As a little girl, I was mad about horses and when I was eight, I wrote a letter to my parents begging them to get me what I considered the perfect mount for a small child, a black stallion.

I also entered the annual ‘Win A Pony’ competition run by WH Smith in the hope that I’d beat the gazillion other children with the same dream, not stopping to consider whether my parents could afford to look after one, nor with any notion of where we’d put it. When I started to write this, I assumed that such competitions would be prohibited now, but it appears not. Nowadays, those offering winners a real pony have a duty to carry out ‘due diligence’ on entrants, which just wasn’t considered back in the 1970s. Thankfully, competition hopefuls now have to have parental consent and must prove they have the skills, finances and knowledge to take on the substantial commitment of owning a pony.

To my parents’ eternal gratitude, I never won the competition, but the disappointment was softened when they instead agreed to pay for me to have weekly riding lessons at a local stables. That kept me happy until about the age of 15 when, after a particularly miserable wet and cold day in the saddle, I’d had enough and gave up.

I was a distinctly average rider, and can’t say I had any special connection with any of the horses I ever rode. But there are those who have what you might call a ‘gift’ when it comes to communicating with these very intelligent and noble creatures.

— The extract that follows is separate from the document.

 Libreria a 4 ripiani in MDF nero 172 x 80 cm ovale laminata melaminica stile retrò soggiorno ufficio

As my dad mentions in his column from 30th May 1981, people like this were believed to possess a charm known as the ‘Horseman’s Word’.

Those living and working in the equine field used to put great faith in this secret ‘word’, and believed that there were only a select few who knew what it was. When it was whispered into a horse’s ear, it had the effect of instantly calming even the most flighty of steeds.

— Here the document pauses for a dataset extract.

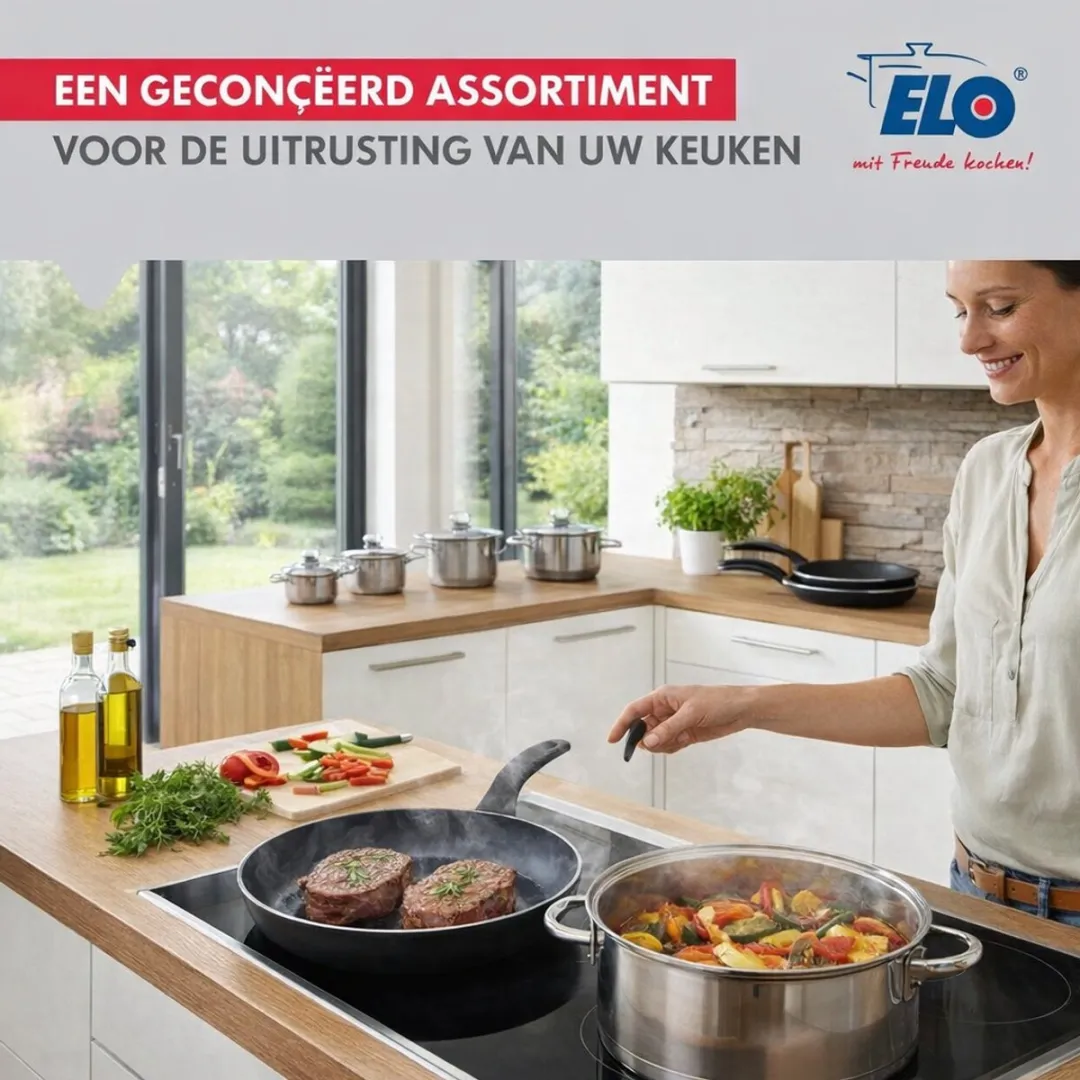 Fackelmann Elo Prima Brillant Set 3 Koekenpannen & 3 Kookpotten - Zwart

In 1858, American horse trainer John Rarey brought a new style of training over to England. Rarey had a reputation for being able to rehabilitate vicious or abused horses, and perpetuated the idea of ‘natural horsemanship’ which went against the traditional approach of ‘if the stick doesn’t work, get a bigger stick’. Instead of trying to control a horse through fear, Rarey addressed things from the point of view of the horse, saying that if it kicked, bit or bucked you off, it would be because you had done something wrong, not the horse.

It was a revolutionary concept inspired by Spanish settlers known as the Vaquero who landed in America in the 16th century and brought with them a technique whereby riders worked with the horse’s nature, gaining its trust so that it felt safe and secure around humans. They understood that if you did that, then you were far more likely to get the horse to behave in the way you wanted it to without the need for physical intimidation.

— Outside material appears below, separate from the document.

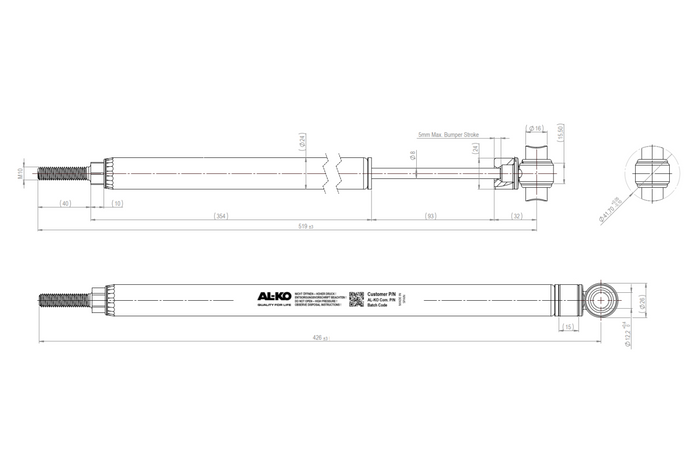 Гальмівний амортизатор/гальмівний пристрій AL-KO 150V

The English assumed that Rarey had the gift of the ‘Horseman’s Word’, although it was never a term he used himself. He was summoned by Queen Victoria to visit a supposedly untameable mare. The queen watched in awe as Rarey placed his hands on the wild beast, which then placidly lay down, and Rarey lay next to it, resting his head on its hooves.

Today we would call someone like him a ‘horse whisperer’, thanks to the term being popularised by Nicholas Evans’ best-selling book of that name which was made into a successful film in 1998 starring Robert Redford. Although the main character is fictional, he is based upon an amalgamation of several people who were famous for training horses in this way, brothers Tom and Bill Dorrance, Ray Hunt and Buck Brannaman, the latter being the lead equine consultant on the film and a stunt double for Redford.

Brannaman took the approach one step further than his predecessors. He grew up being emotionally and physically abused by his father, and recognised that mistreated horses behave in similar ways to abused children. “They trust no-one and expect the worst. But patience, leadership, compassion and firmness can help them overcome their pasts,” he said.

Surely, right there is a lesson for us all.